I am trying to detect timeline of brands histories. For my specific case, I believe it is easy because data is already clustered. For each Wikipedia article I can spot sentences surrounding dates. Here is an example:
McDonald's Corporation is an American fast food company, founded in 1940 as a restaurant operated by Richard and Maurice McDonald, in San Bernardino, California, United States. They rechristened their business as a hamburger stand, and later turned the company into a franchise, with the Golden Arches logo being introduced in 1953 at a location in Phoenix, Arizona. In 1955, Ray Kroc, a businessman, joined the company as a franchise agent
From this, it is easy to narrow results programmatically to
McDonald's is founded in 1940
Golden Arches logo introduced in 1953
Ray Kroc, a businessman, joined the company in 1955
This seems easy if documents are clustered. If not, I am thinking of a basic algorithm to mine timelines 'or natural numbers). So I want to discuss existing studies and my intuition here.

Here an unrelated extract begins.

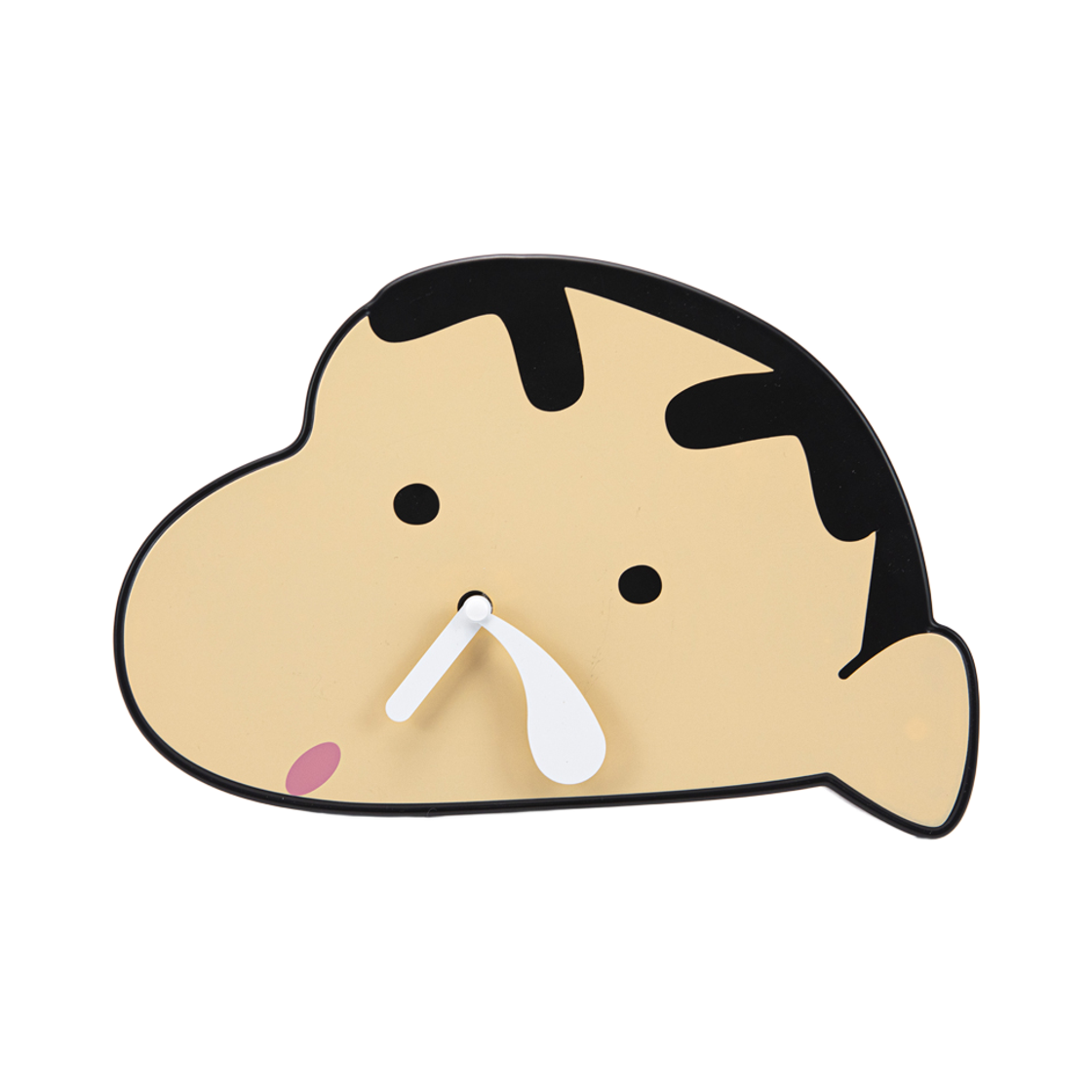 애니모어 짱구 벽시계(Animore Crayon Shin Chan Wall Clock)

- Timeline: a logical succession of events on one single subject.
- Dates in a timeline are natural numbers, and can be "unordered relatively".

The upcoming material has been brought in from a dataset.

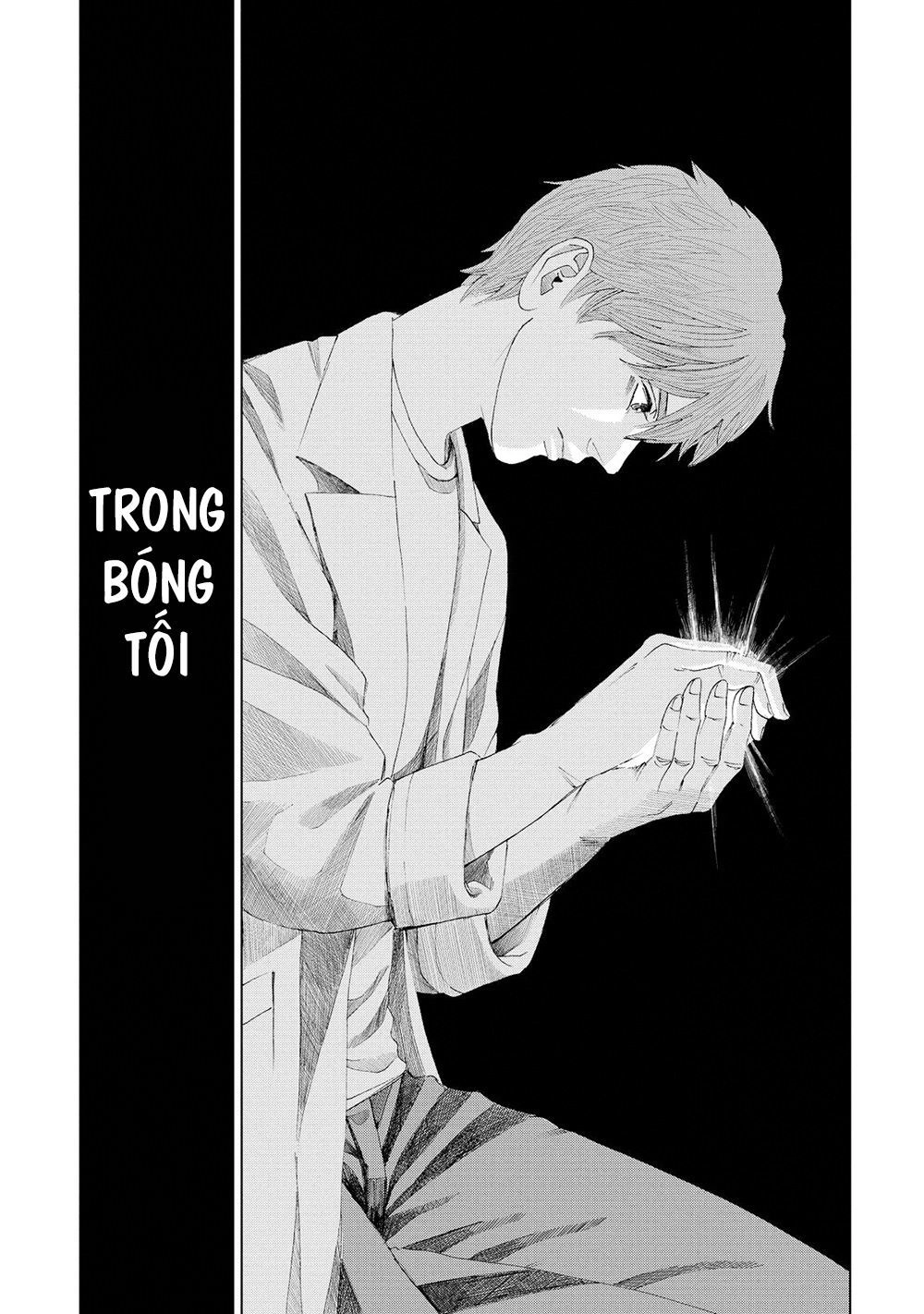 Trace: Hồi Tưởng Của Nhà Nghiên Cứu Pháp Y Chapter 4 - 31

- Timelines are continuous (one range like) and cannot intersect.
Let's ignore the NLP related part, and try to figure out timelines in natural numbers ignoring topics (1st definition).
Distance: Initial timeline length. It represents the minimum.
1, 4, 2, 5, 3, 8, 7, 9, 20, 21, 23, 24, 1, 5, 7, 9 dist = 4
1, 4, 2, 5/ 3, 8, 7, 9/ 20, 21, 23, 24/ 1, 5, 7, 9
Score each set (of 4 elements): Scoring is critical but lets think of bubble sort score, where score = 1 / number exchange ops.
1,4,2,5 => 1/1 | 3,8,7,9 => 1/1
The reason to score sets is to identify if a set represents a timeline or the combination of two sets represent a timeline, to decide, we score the combined set and divide by two
1,4,2,5,3,8,7,9 => 5/2
3,8,7,9 are two sets, while
1,4,2,5,3,8,7,9 is not.
We move sequentially to process next sets.
The reason I said Distance is minimum is that before comparing scoring initial sets, we first identify sets of 4, 5, 6 or more elements and score them ((step A)) and only take separate sets with better score (minimum bubble sort score here).
Any thoughts ?